-- Exercise data follows --

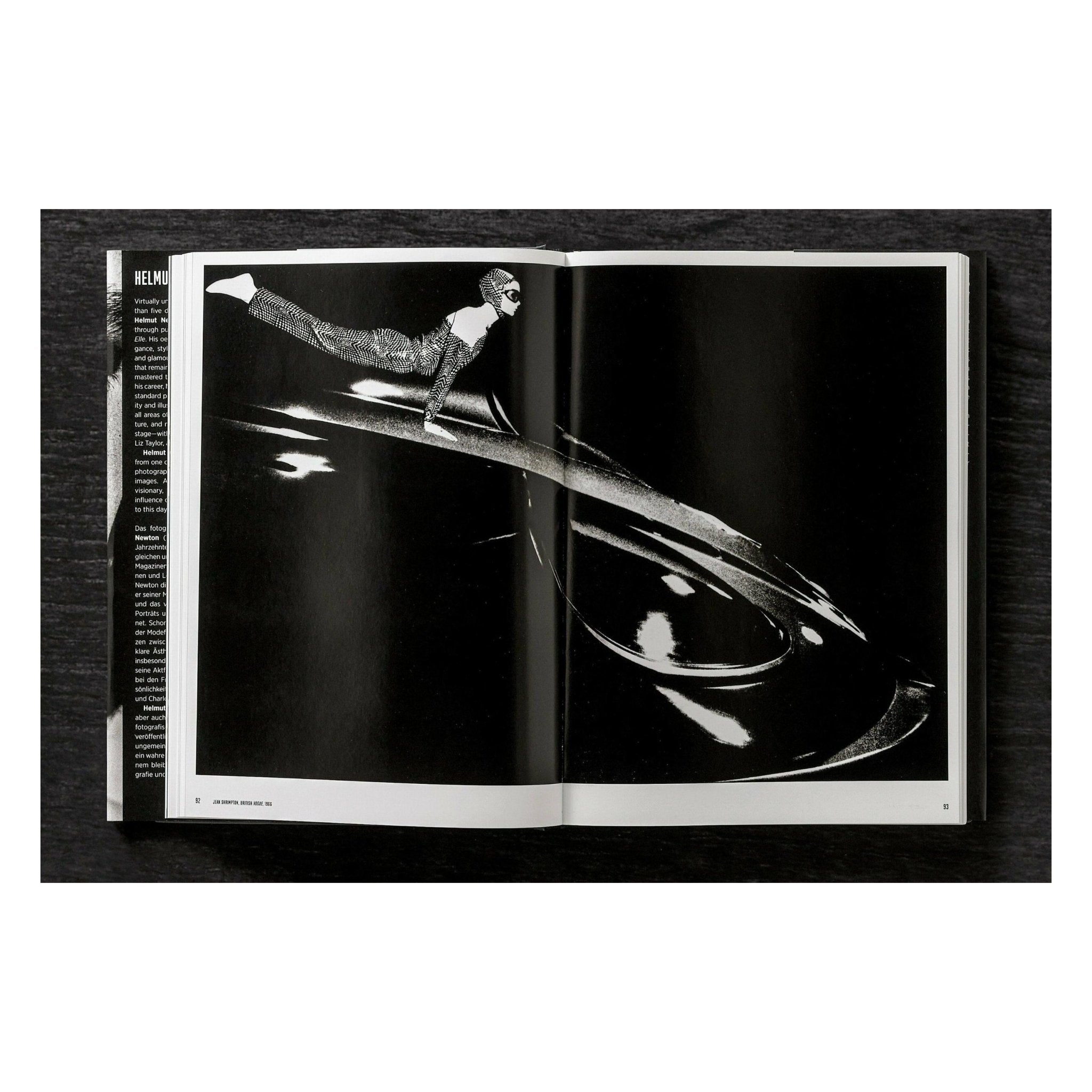 Helmut Newton. Legacy (German, French, English)-POPvault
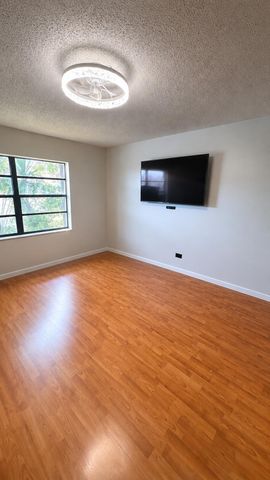 134 S Cypress Road 425, Pompano Beach, FL 33060
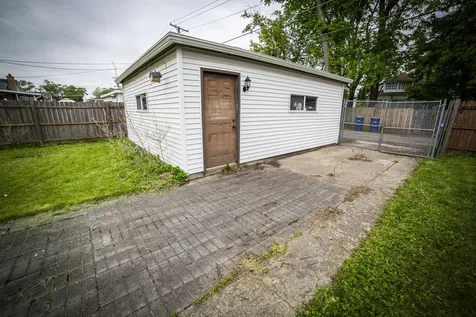 1427 South 21st Avenue Maywood IL 60153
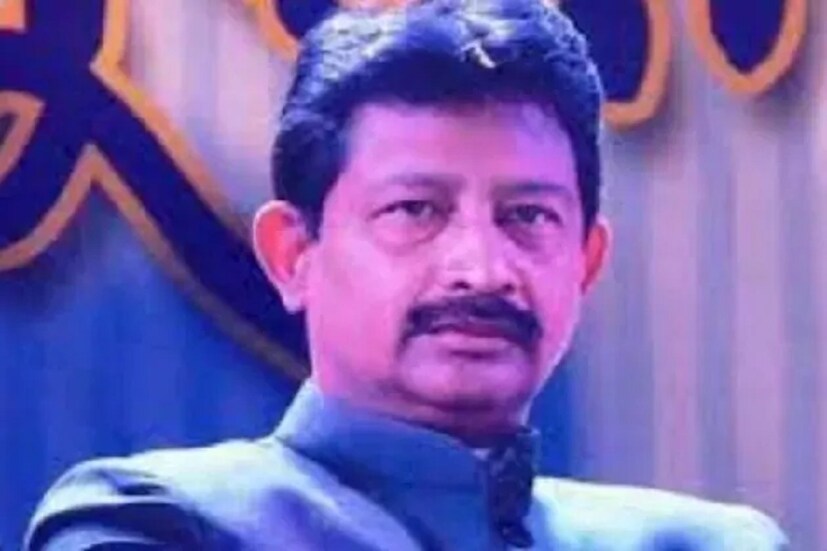  নীচুতলার ক্ষোভ- আমি ভালো কাজ করতে পেরে আনন্দিত হয়েছি। প্রতিবন্ধকতার জন্য দূরে ঠেলে দেওয়ায় আহত হয়েছি। তখন ক্ষোভ জন্মেছে। তখন আপনাদের সাথে শেয়ার করেছি। আমি কর্মীদের দুঃখ, হতাশা বুঝি। তাদের প্রাধান্য দিই। জেলায় গিয়ে, আমি নিজের বিধানসভা এলাকায় গিয়ে তাঁদের কথা বলি। তাদের প্রাপ্য সম্মানের কথা বলা অন্যায় নয়৷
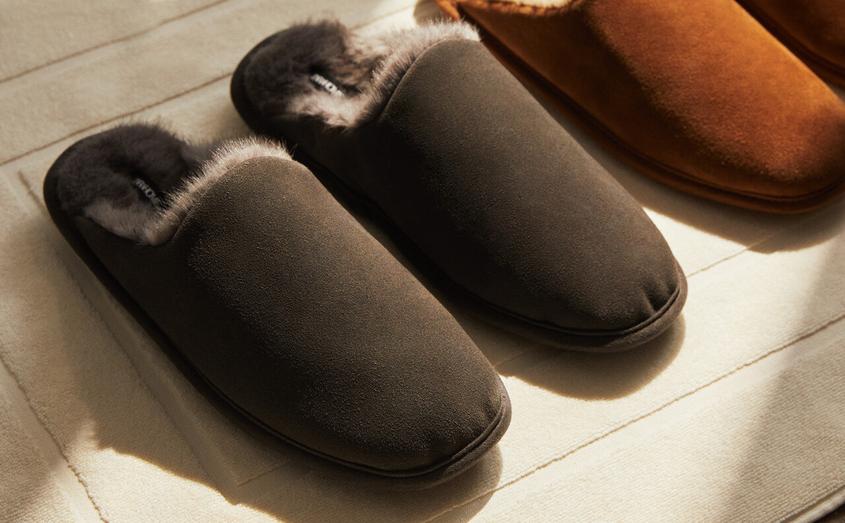 COZY LEATHER SLIPPERS offers at $35.9 in ZARA HOME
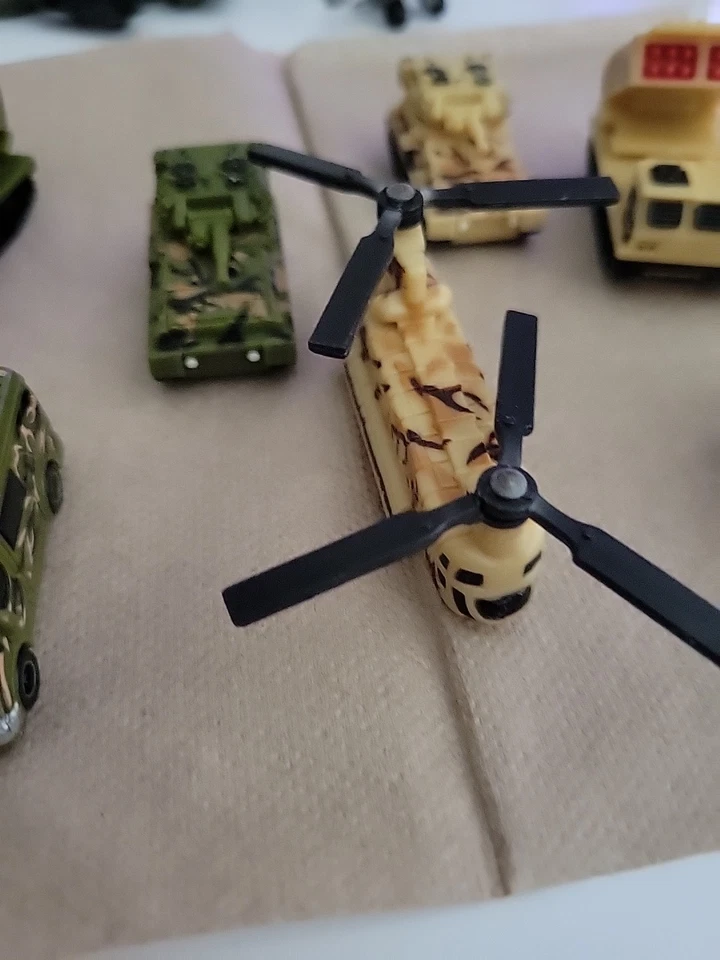 7 Pcs 1997 Mattel Hot Wheels Planet Micro Tank Helicopters MRLS Micro Machines - Image 3 of 4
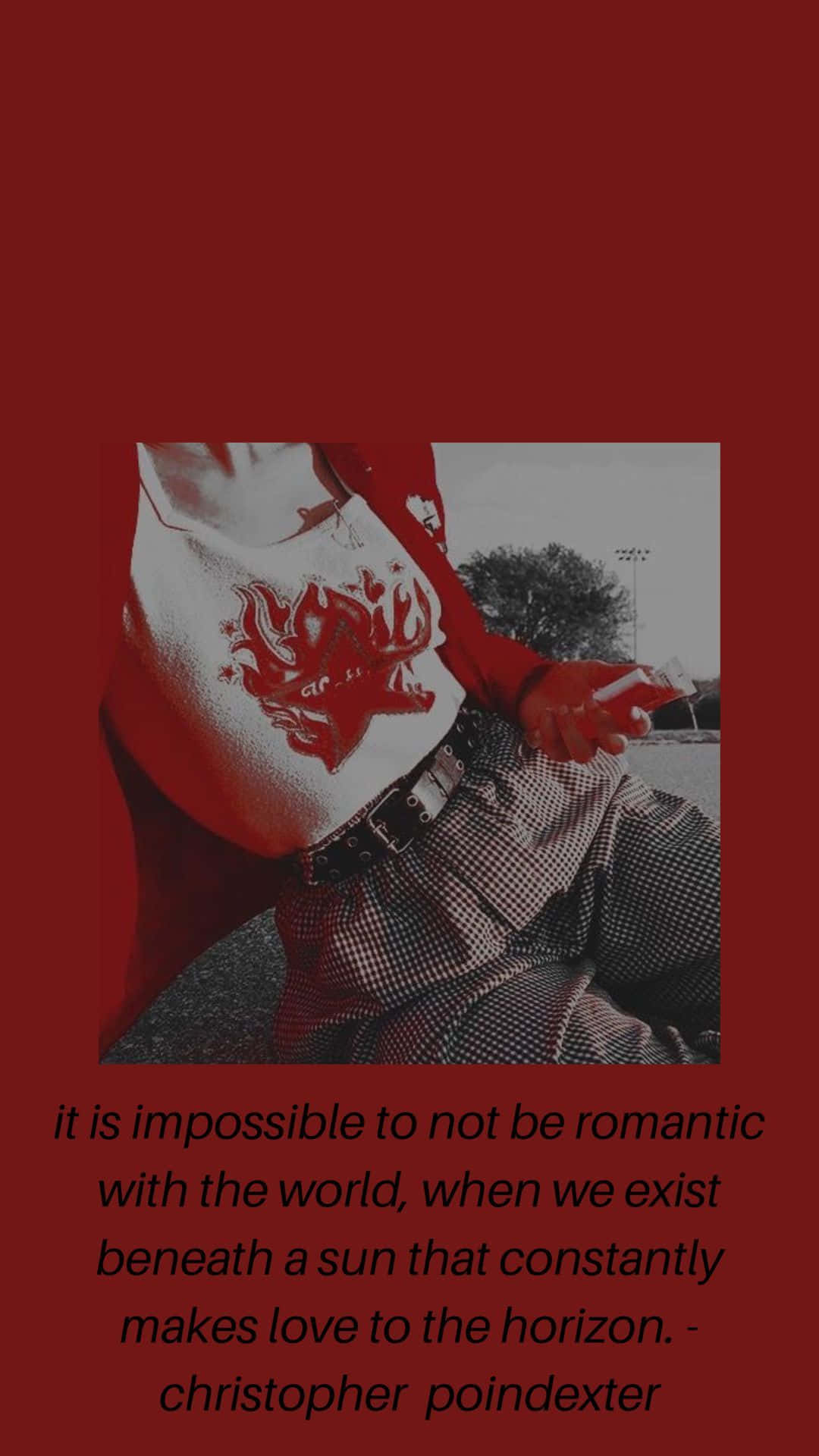 Red Grunge 桌布 壁紙 — 一個人穿著紅白圖案T恤和格子褲，坐在深紅色背景前，帶有引文疊加。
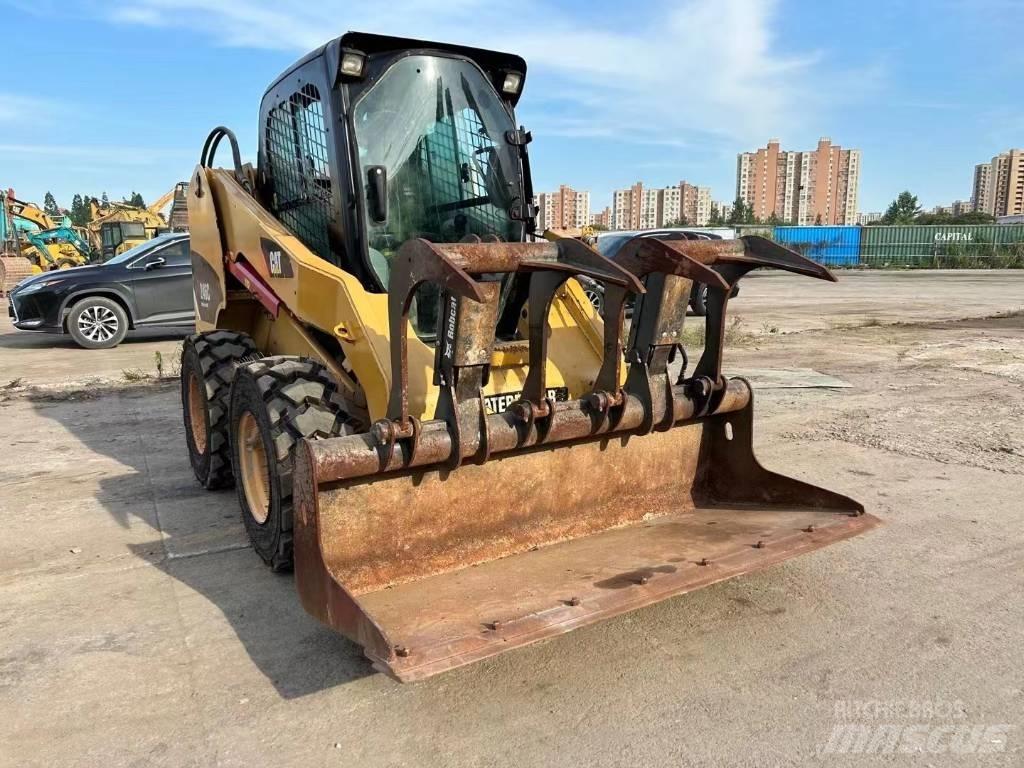 CAT 246 C Ładowarki burtowe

-- Exercise data concluded --

### Exercise
Leave out each picture and extract the lines from the one containing "7 Pcs 1997 Mattel" through the end of the records above, inclusive, exactly as they stand.

### Written answer
 7 Pcs 1997 Mattel Hot Wheels Planet Micro Tank Helicopters MRLS Micro Machines - Image 3 of 4
 Red Grunge 桌布 壁紙 — 一個人穿著紅白圖案T恤和格子褲，坐在深紅色背景前，帶有引文疊加。
 CAT 246 C Ładowarki burtowe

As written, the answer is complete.